We place much premium on border areas because we want to control crimes in all its ramifications. We don’t want to limit our surveillance or intelligence gathering to the state alone; we want to checkmate the influx of these people that have been driven from Arepo in Ogun State and Lagos State. We are sharing information with sister agencies and we urge members of the public to have trust in the police and give us useful information to fight crime and criminality.
How would you assess crime rate in your new place of assignment?
Comparatively, crime rate in Oyo State is lowest I have seen, but we don’t to take this for granted, especially with people displaced from Ogun and Lagos states. We don’t want them to breach the peace that is currently being enjoyed in the state.

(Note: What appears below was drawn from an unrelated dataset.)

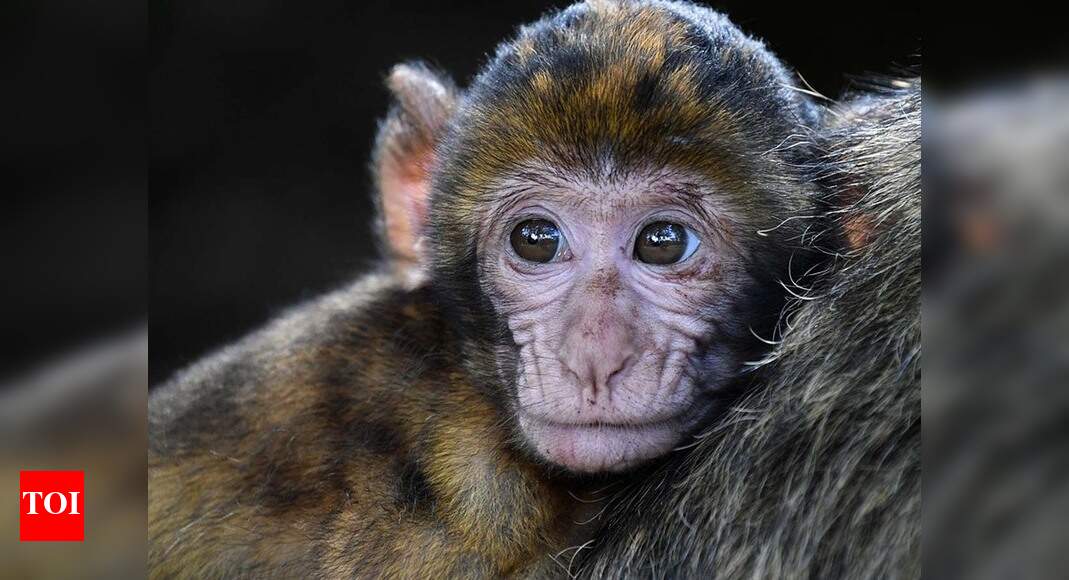 Telangana Now, special gun to scare monkeys Hyderabad News Times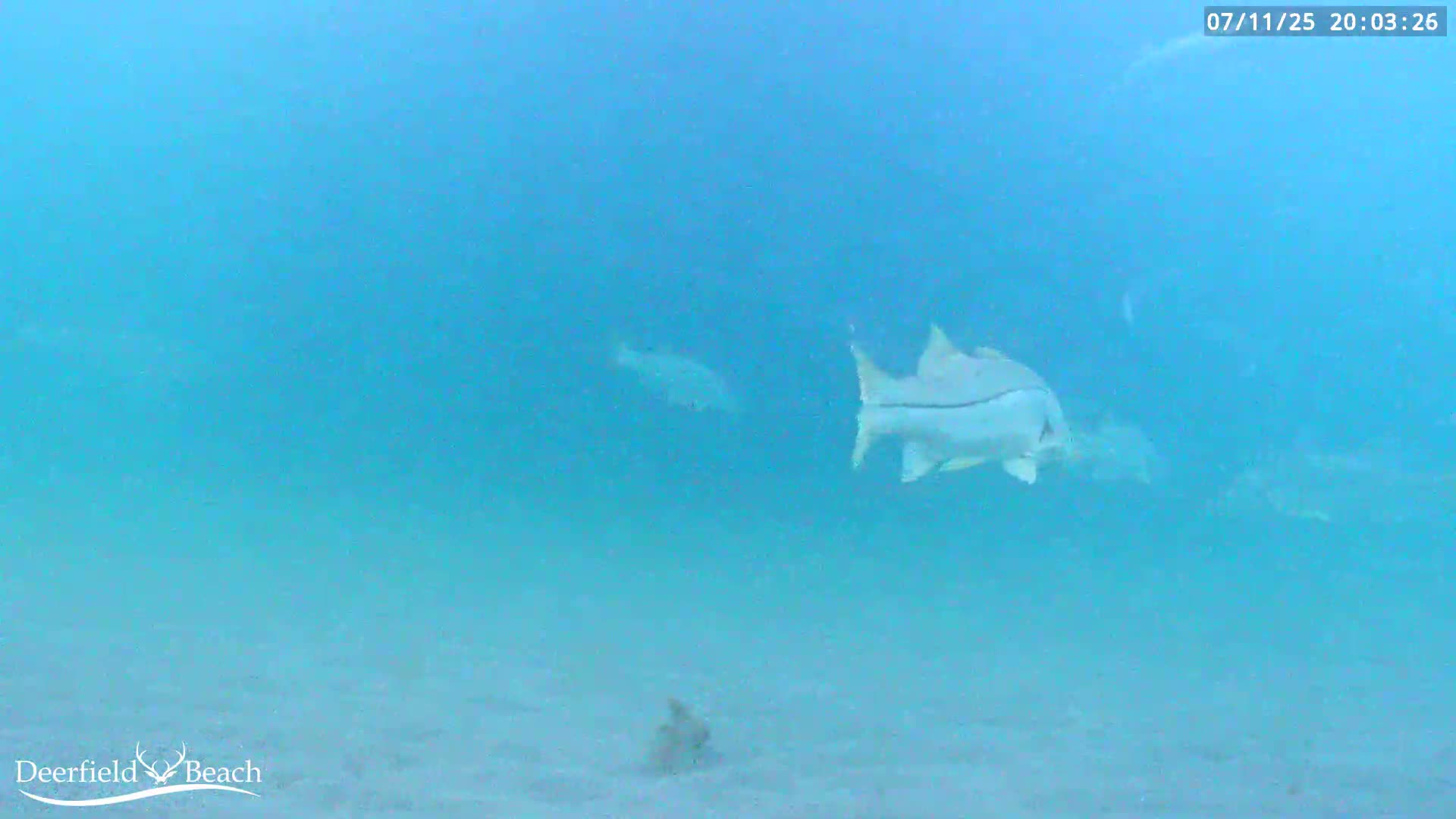 Deerfield Beach Atlantic Underwater Fish World Live Cam - Deerfield Beach, Broward, Florida, USA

My advice to everyone is to be our brother’s keeper. If you observe any strange person or movement, alert the police or other security agencies. The issue of security should be seen as a collective responsibility. Everybody should be security conscious.

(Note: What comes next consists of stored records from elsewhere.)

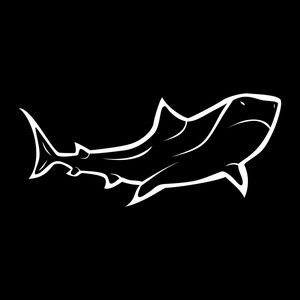 鲨鱼的黑色剪影图片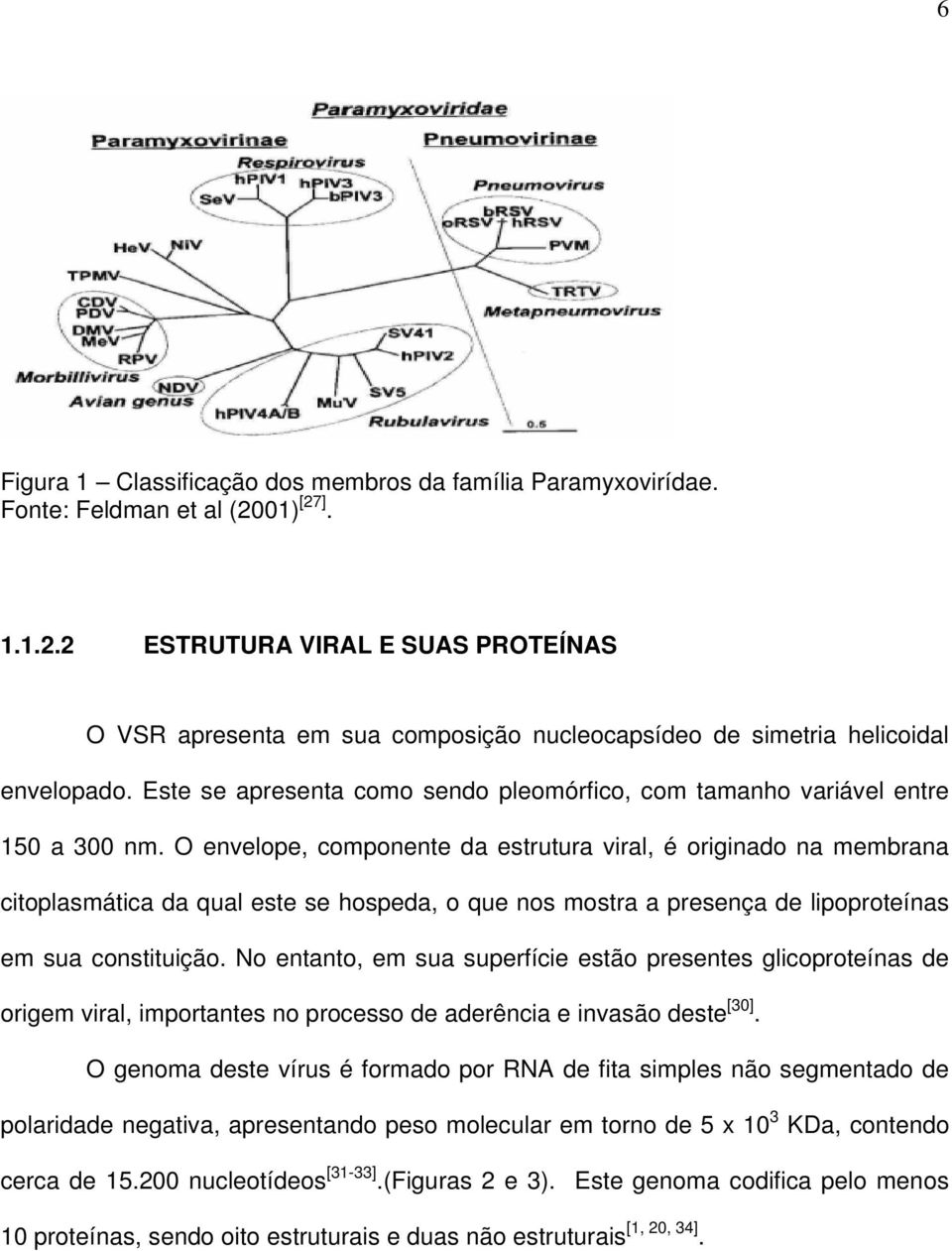 Este se apresenta como sendo pleomórfico, com tamanho variável entre 150 a 300 nm.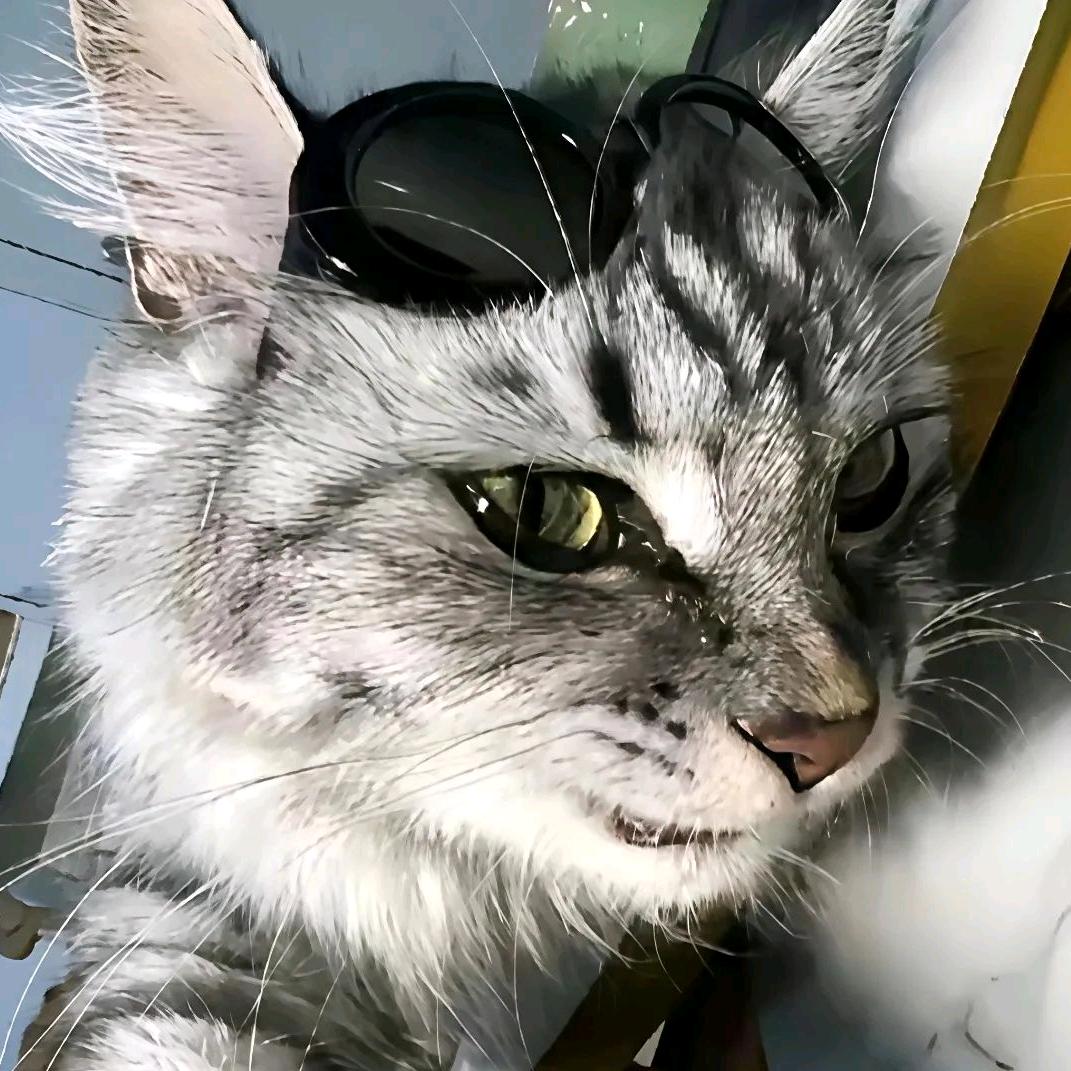 cY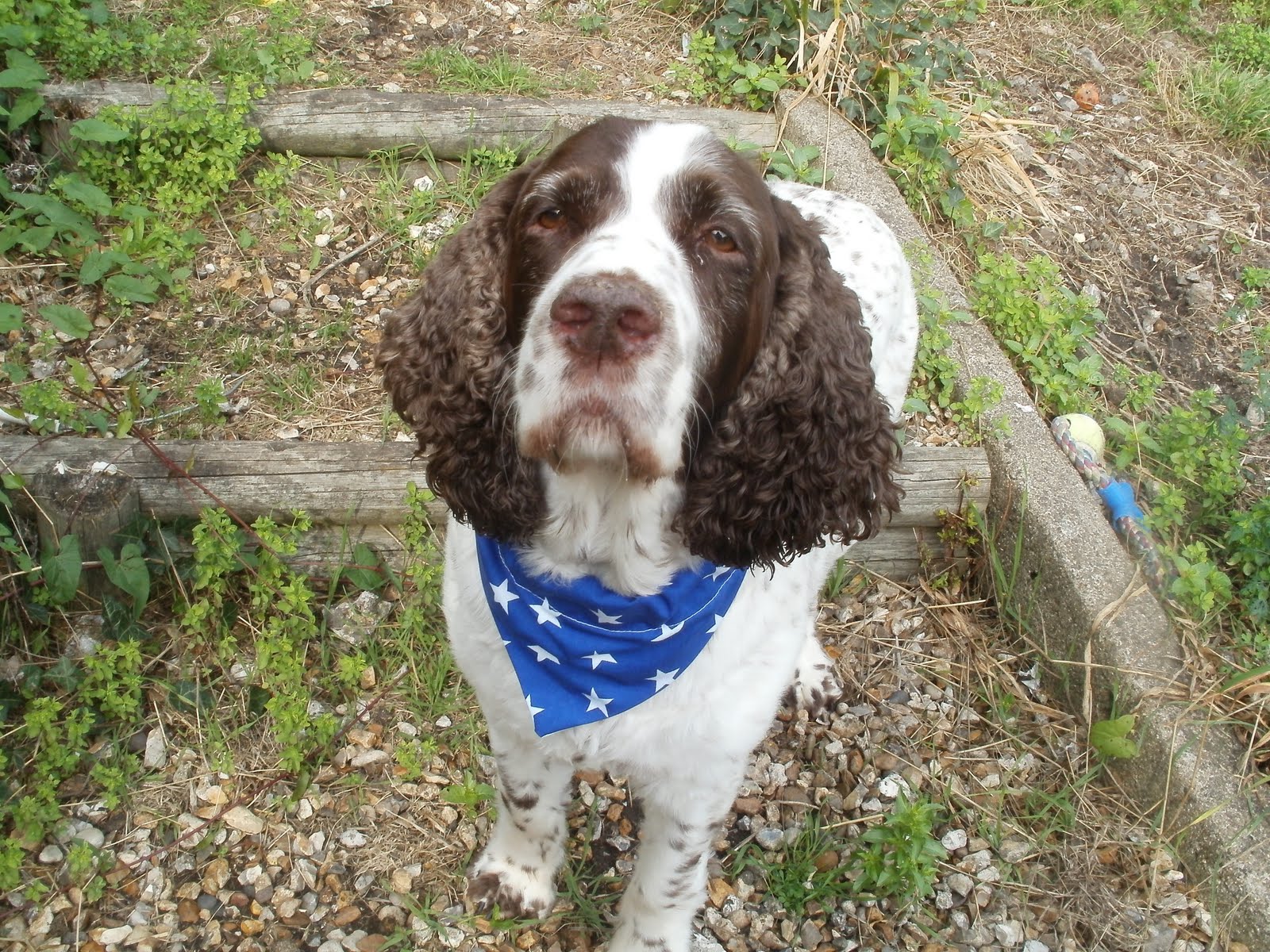 henry+bandana+3.JPG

How do you want to curb stop criminals who use motorcycles to dispossess people of their belongings and attack bank customers?
On the issue of motorcycle riders, on August 10, I summoned all their chairmen to a meeting and they turned up in their numbers with their members. We put heads together and they pledged to fish out the bad eggs in their midst.
If you compare the atrocities being perpetrated by okada riders in some other states, you will discover that what we have in Oyo is manageable. We have given them some assignments which I will not disclose.
By the end of this month, the executive members are coming back. We will be having meeting on a monthly basis to assess the security situation and the activities of okada riders. We believe that by working with them, we will able to achieve success, security-wise. We have equally told them not to carry more than a passenger at a time.
I hope they will cooperate with us and educate their members. We have given them the opportunity to put their house in order and we intend to assess the agreement by the end of the month to see the level of compliance and success achieved.
Talking about those displaced from two neighbouring states, it has been noticed that there has been an increase in the number of beggars on the streets and at traffic light points. With cases that had been handled in the past involving some armed robbers who were working with some of the beggars, how will you ensure that this set of people will not constitute a security risk?
They are human beings like us. We should handle their case very carefully so that we don’t create more problems. But for the few of them that may be using begging as a means to commit crime, we will fish them out. Begging is not something that anyone will be proud of. Many of them have no choice. They have to survive. We must respect their dignity as human beings.
The issue of land grabbers is rearing its head in Oyo State. Land issues are civil but where is the line drawn between their being civil and criminal? And how do you intend to curb their activities so that those escaping from a state like Lagos will not find a haven in Oyo State?
It is very easy to differentiate between the civil aspect and the criminal aspect. The court is there for those fighting over the ownership of a parcel of land through civil litigation. If there is certificate of occupancy issued to a particular person pertaining to a piece of land, the ownership has already been established. But if it is proved that the C of O is obtained fraudulently, that is another issue.
In a situation where land grabbers are fighting themselves, it is no longer a civil matter. If you are armed or you injure someone, or death occurs, it is criminal. Since I assumed duty in the state, there has been no reported case of land grabbing. I am not saying it is happening or not happening but I have not had any complaint that land grabbers are fighting in any part of the state since I came.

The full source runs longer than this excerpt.